Prompt:
Reproduce all records verbatim.
** Opening Material shown block **
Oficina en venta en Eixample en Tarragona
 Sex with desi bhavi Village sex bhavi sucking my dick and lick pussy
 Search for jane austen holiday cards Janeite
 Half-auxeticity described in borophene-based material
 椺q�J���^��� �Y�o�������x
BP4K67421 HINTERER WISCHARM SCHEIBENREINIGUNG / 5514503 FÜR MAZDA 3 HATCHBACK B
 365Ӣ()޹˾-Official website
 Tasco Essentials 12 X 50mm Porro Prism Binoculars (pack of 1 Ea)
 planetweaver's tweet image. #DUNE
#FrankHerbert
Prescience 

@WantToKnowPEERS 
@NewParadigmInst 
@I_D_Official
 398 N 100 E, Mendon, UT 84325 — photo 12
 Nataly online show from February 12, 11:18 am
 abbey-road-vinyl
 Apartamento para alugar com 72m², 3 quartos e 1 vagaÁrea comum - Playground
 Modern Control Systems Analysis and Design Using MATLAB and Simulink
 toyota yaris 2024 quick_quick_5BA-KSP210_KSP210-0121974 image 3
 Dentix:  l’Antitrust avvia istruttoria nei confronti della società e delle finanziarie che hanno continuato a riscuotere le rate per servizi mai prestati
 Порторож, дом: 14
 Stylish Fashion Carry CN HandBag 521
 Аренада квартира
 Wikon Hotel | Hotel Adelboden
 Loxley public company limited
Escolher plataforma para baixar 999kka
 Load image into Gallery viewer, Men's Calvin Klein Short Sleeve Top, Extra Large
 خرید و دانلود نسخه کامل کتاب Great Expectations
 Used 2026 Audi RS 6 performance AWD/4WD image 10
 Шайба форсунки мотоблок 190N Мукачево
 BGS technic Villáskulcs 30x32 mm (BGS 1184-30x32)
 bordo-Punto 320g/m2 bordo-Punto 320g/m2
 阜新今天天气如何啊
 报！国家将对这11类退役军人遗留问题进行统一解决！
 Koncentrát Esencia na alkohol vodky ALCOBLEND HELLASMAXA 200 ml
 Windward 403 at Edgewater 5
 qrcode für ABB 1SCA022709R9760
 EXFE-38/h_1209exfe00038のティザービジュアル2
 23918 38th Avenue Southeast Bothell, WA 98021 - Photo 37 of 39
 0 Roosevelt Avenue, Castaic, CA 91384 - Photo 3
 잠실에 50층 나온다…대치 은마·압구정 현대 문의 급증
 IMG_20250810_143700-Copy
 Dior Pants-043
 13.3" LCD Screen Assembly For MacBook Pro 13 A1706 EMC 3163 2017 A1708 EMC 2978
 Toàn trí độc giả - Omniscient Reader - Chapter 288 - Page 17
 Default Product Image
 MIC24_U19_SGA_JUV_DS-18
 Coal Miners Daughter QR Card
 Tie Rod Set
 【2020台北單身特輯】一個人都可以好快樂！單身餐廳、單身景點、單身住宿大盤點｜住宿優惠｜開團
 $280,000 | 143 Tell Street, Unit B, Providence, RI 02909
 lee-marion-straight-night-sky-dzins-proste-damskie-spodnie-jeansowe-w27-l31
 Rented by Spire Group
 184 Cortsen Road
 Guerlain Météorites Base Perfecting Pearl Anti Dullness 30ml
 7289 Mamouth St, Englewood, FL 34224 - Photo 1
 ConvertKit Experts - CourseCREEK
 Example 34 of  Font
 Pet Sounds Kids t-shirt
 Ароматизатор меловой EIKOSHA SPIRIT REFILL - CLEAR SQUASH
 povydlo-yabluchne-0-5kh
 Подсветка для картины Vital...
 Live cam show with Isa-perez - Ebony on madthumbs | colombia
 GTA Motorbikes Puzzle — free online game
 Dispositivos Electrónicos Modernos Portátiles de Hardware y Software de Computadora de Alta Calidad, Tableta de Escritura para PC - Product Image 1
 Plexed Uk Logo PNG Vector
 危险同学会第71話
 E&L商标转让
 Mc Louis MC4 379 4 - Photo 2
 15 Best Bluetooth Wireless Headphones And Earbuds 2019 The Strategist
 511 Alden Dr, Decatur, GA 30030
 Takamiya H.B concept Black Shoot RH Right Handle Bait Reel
** Closing Material shown block **
Task solution:
Oficina en venta en Eixample en Tarragona
 Sex with desi bhavi Village sex bhavi sucking my dick and lick pussy
 Search for jane austen holiday cards Janeite
 Half-auxeticity described in borophene-based material
 椺q�J���^��� �Y�o�������x
BP4K67421 HINTERER WISCHARM SCHEIBENREINIGUNG / 5514503 FÜR MAZDA 3 HATCHBACK B
 365Ӣ()޹˾-Official website
 Tasco Essentials 12 X 50mm Porro Prism Binoculars (pack of 1 Ea)
 planetweaver's tweet image. #DUNE
#FrankHerbert
Prescience 

@WantToKnowPEERS 
@NewParadigmInst 
@I_D_Official
 398 N 100 E, Mendon, UT 84325 — photo 12
 Nataly online show from February 12, 11:18 am
 abbey-road-vinyl
 Apartamento para alugar com 72m², 3 quartos e 1 vagaÁrea comum - Playground
 Modern Control Systems Analysis and Design Using MATLAB and Simulink
 toyota yaris 2024 quick_quick_5BA-KSP210_KSP210-0121974 image 3
 Dentix:  l’Antitrust avvia istruttoria nei confronti della società e delle finanziarie che hanno continuato a riscuotere le rate per servizi mai prestati
 Порторож, дом: 14
 Stylish Fashion Carry CN HandBag 521
 Аренада квартира
 Wikon Hotel | Hotel Adelboden
 Loxley public company limited
Escolher plataforma para baixar 999kka
 Load image into Gallery viewer, Men's Calvin Klein Short Sleeve Top, Extra Large
 خرید و دانلود نسخه کامل کتاب Great Expectations
 Used 2026 Audi RS 6 performance AWD/4WD image 10
 Шайба форсунки мотоблок 190N Мукачево
 BGS technic Villáskulcs 30x32 mm (BGS 1184-30x32)
 bordo-Punto 320g/m2 bordo-Punto 320g/m2
 阜新今天天气如何啊
 报！国家将对这11类退役军人遗留问题进行统一解决！
 Koncentrát Esencia na alkohol vodky ALCOBLEND HELLASMAXA 200 ml
 Windward 403 at Edgewater 5
 qrcode für ABB 1SCA022709R9760
 EXFE-38/h_1209exfe00038のティザービジュアル2
 23918 38th Avenue Southeast Bothell, WA 98021 - Photo 37 of 39
 0 Roosevelt Avenue, Castaic, CA 91384 - Photo 3
 잠실에 50층 나온다…대치 은마·압구정 현대 문의 급증
 IMG_20250810_143700-Copy
 Dior Pants-043
 13.3" LCD Screen Assembly For MacBook Pro 13 A1706 EMC 3163 2017 A1708 EMC 2978
 Toàn trí độc giả - Omniscient Reader - Chapter 288 - Page 17
 Default Product Image
 MIC24_U19_SGA_JUV_DS-18
 Coal Miners Daughter QR Card
 Tie Rod Set
 【2020台北單身特輯】一個人都可以好快樂！單身餐廳、單身景點、單身住宿大盤點｜住宿優惠｜開團
 $280,000 | 143 Tell Street, Unit B, Providence, RI 02909
 lee-marion-straight-night-sky-dzins-proste-damskie-spodnie-jeansowe-w27-l31
 Rented by Spire Group
 184 Cortsen Road
 Guerlain Météorites Base Perfecting Pearl Anti Dullness 30ml
 7289 Mamouth St, Englewood, FL 34224 - Photo 1
 ConvertKit Experts - CourseCREEK
 Example 34 of  Font
 Pet Sounds Kids t-shirt
 Ароматизатор меловой EIKOSHA SPIRIT REFILL - CLEAR SQUASH
 povydlo-yabluchne-0-5kh
 Подсветка для картины Vital...
 Live cam show with Isa-perez - Ebony on madthumbs | colombia
 GTA Motorbikes Puzzle — free online game
 Dispositivos Electrónicos Modernos Portátiles de Hardware y Software de Computadora de Alta Calidad, Tableta de Escritura para PC - Product Image 1
 Plexed Uk Logo PNG Vector
 危险同学会第71話
 E&L商标转让
 Mc Louis MC4 379 4 - Photo 2
 15 Best Bluetooth Wireless Headphones And Earbuds 2019 The Strategist
 511 Alden Dr, Decatur, GA 30030
 Takamiya H.B concept Black Shoot RH Right Handle Bait Reel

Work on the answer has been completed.